Sheridan Elementary builds new community garden to help grow students’ skills, and hopefully, enjoy a fresh snack too
Wearing white garden gloves too big for his hands, 9-year-old Taden Eirdam shoveled dirt from the Sheridan Elementary parking lot into a wheelbarrow, headed for a garden.
“It’s very fun to have a garden,” he said. “We have the plants so we can get food.”
Eirdam was one of about 75 people who woke up early Saturday to build a community garden at Sheridan Elementary School. With help from the project’s sponsor Comcast Corp., students, parents and other volunteers are giving the school a way to teach children about science, plants, sustainable food and gardening, said Sheridan science teacher Christina Grieshaber.

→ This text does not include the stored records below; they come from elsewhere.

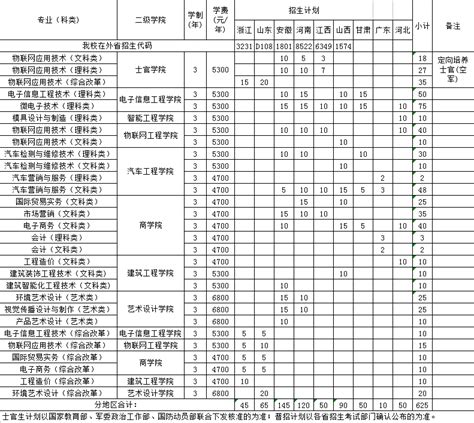 2018年分省分专业招生计划-北京理工大学珠海学院招生信息网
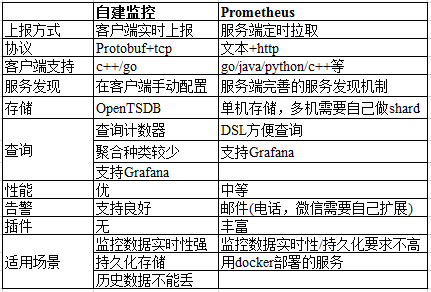 请输入图片名称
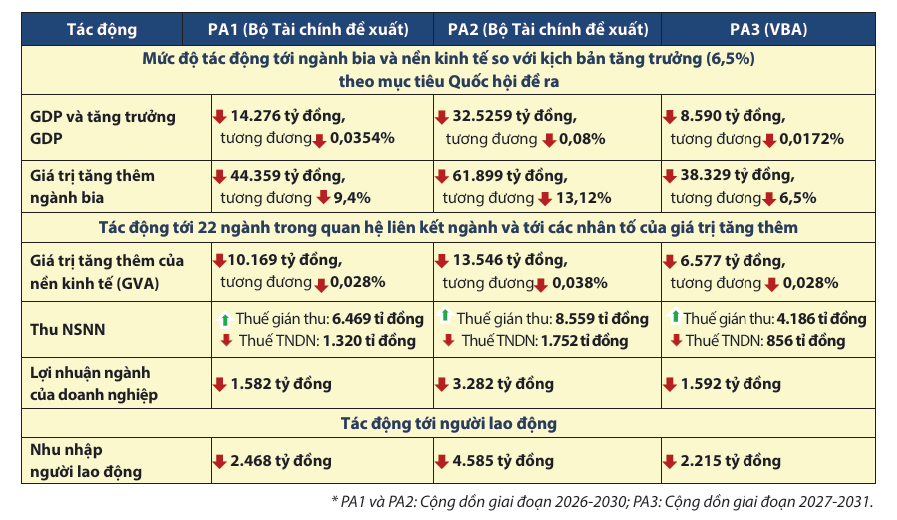 tac-dong-tang-thue-pld-1732545588.png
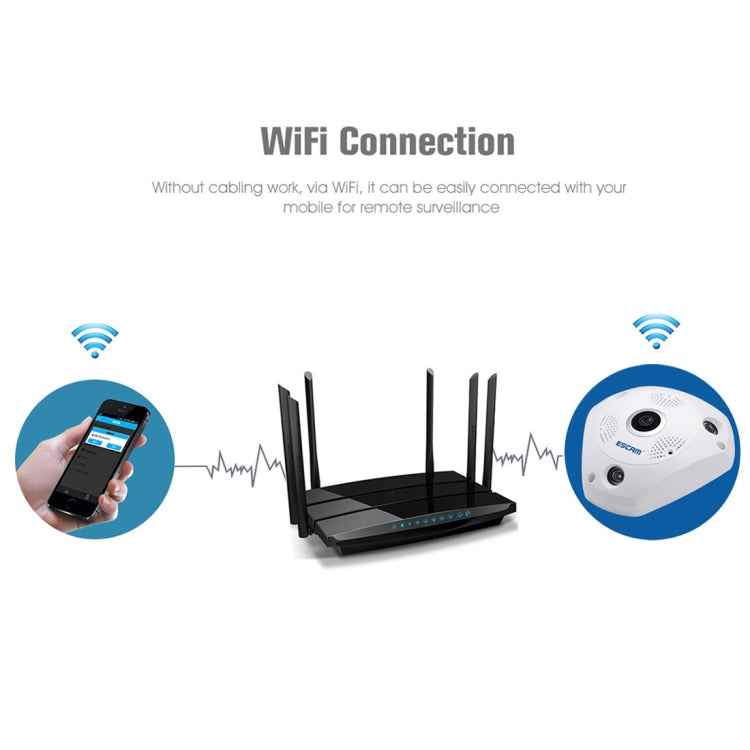 ESCAM Shark QP180 960P 360 Degrees Fisheye Lens 1.3MP WiFi IP Camera, Support Motion Detection / Night Vision, IR Distance: 10m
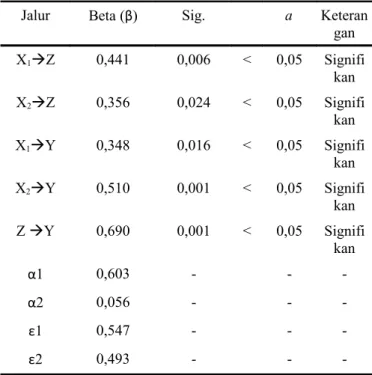 Tabel 1. Hasil Analisis Jalur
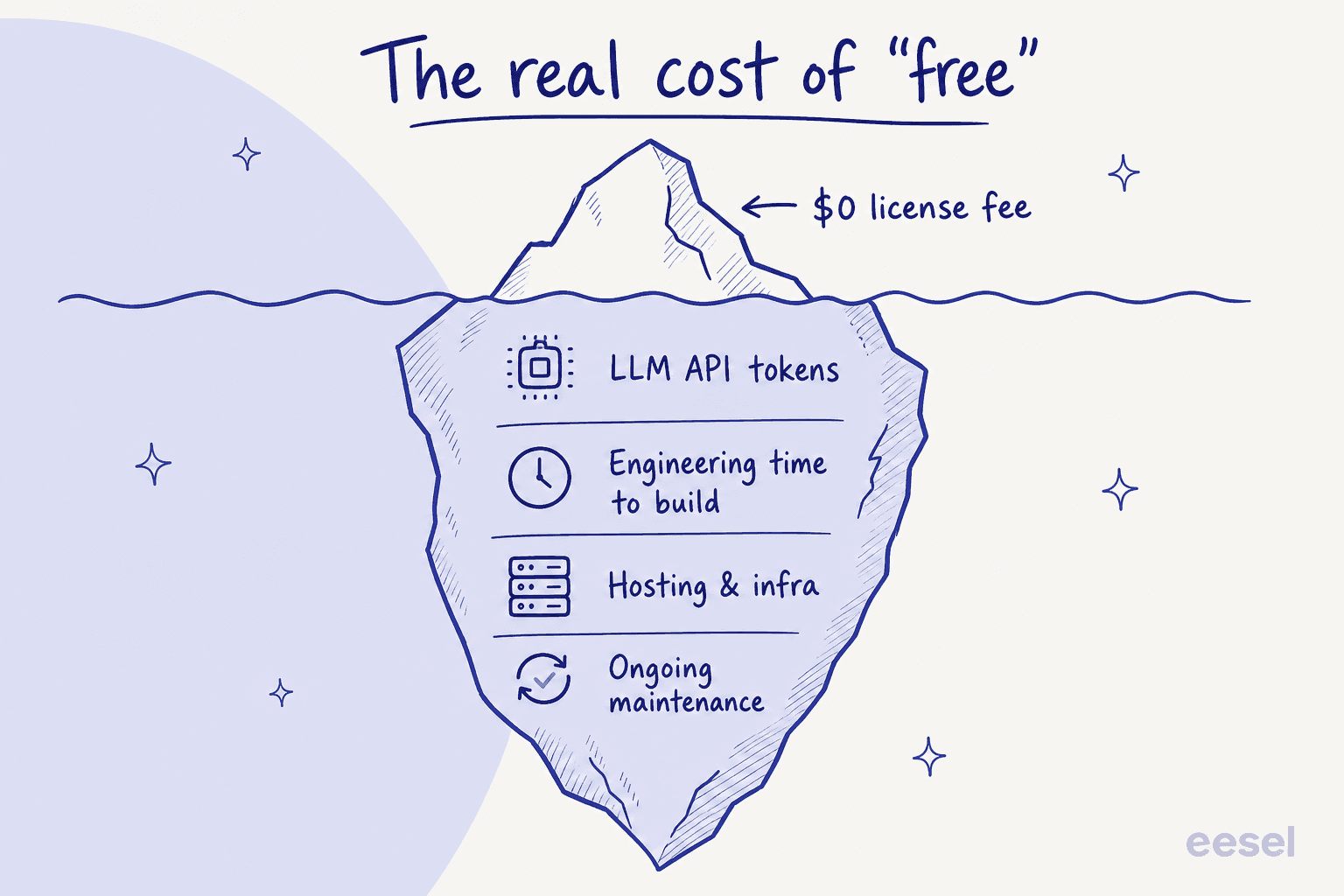 An iceberg showing that the $0 license fee is the visible tip, while LLM tokens, engineering time, hosting, and maintenance are the hidden costs below the waterline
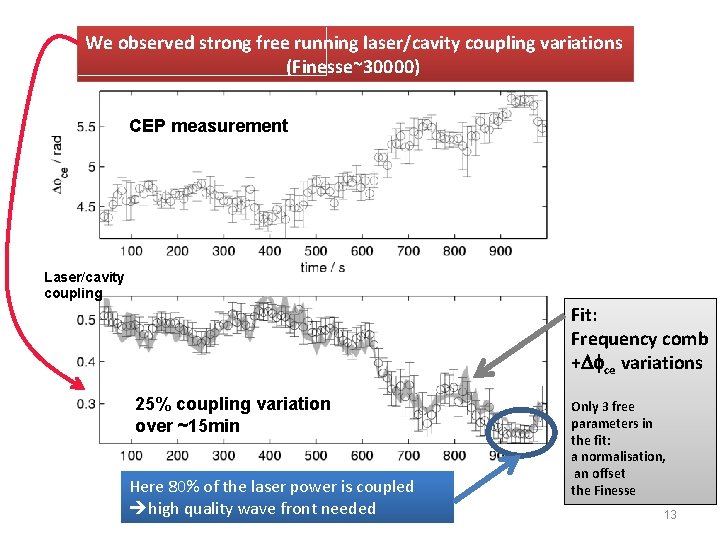 We observed strong free running laser/cavity coupling variations (Finesse~30000) CEP measurement Laser/cavity coupling Fit:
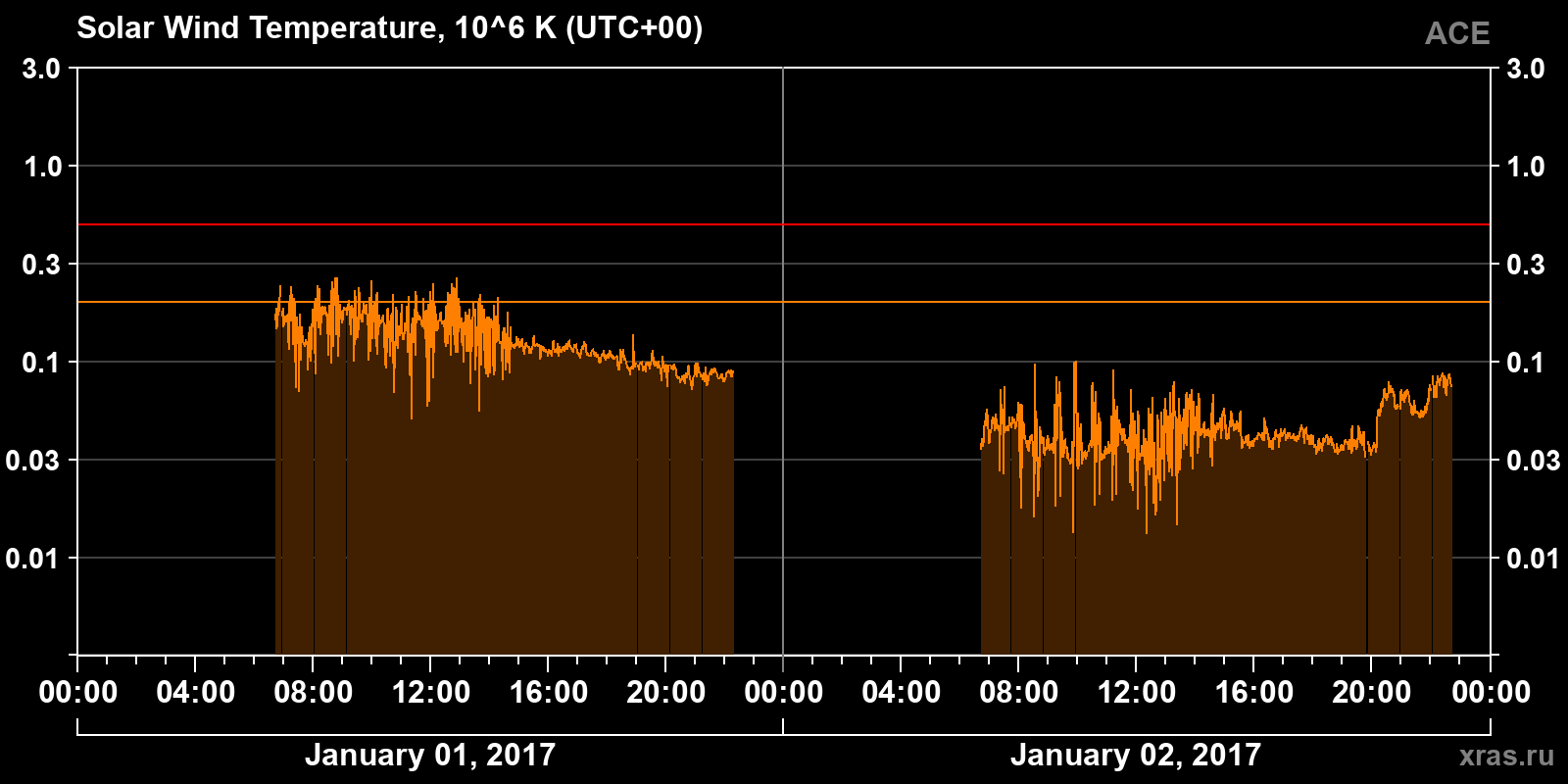 Solar wind temperature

“It will give kids a chance to understand an ecosystem,” Grieshaber said, noting that it will also be a fun way to eat because students could grow things like “salsa ingredients for a salsa party” in their classrooms.
Grieshaber said that each planter box will be adopted by a family over the summer so they can grow food and have a bonding activity that’s constructive.
Grieshaber got the idea for the community garden from a friend who works at Roosevelt Elementary, where a similar program exists, she said.
On Saturday, workers built eight garden beds, four planter barrels and new picnic tables at Sheridan Elementary. Washington State University Master Gardeners donated the seeds for the garden, Grieshaber said.
Comcast partnered with the school as part of the company’s Comcast Cares Day, and provided the materials, tools and a crew to aide in building the garden.
Noah Eirdam, Taden’s dad, who works at the school as a speech therapist, said the garden will be a way to build a stronger community at Sheridan.
“It’s a way to bond and work together,” he said.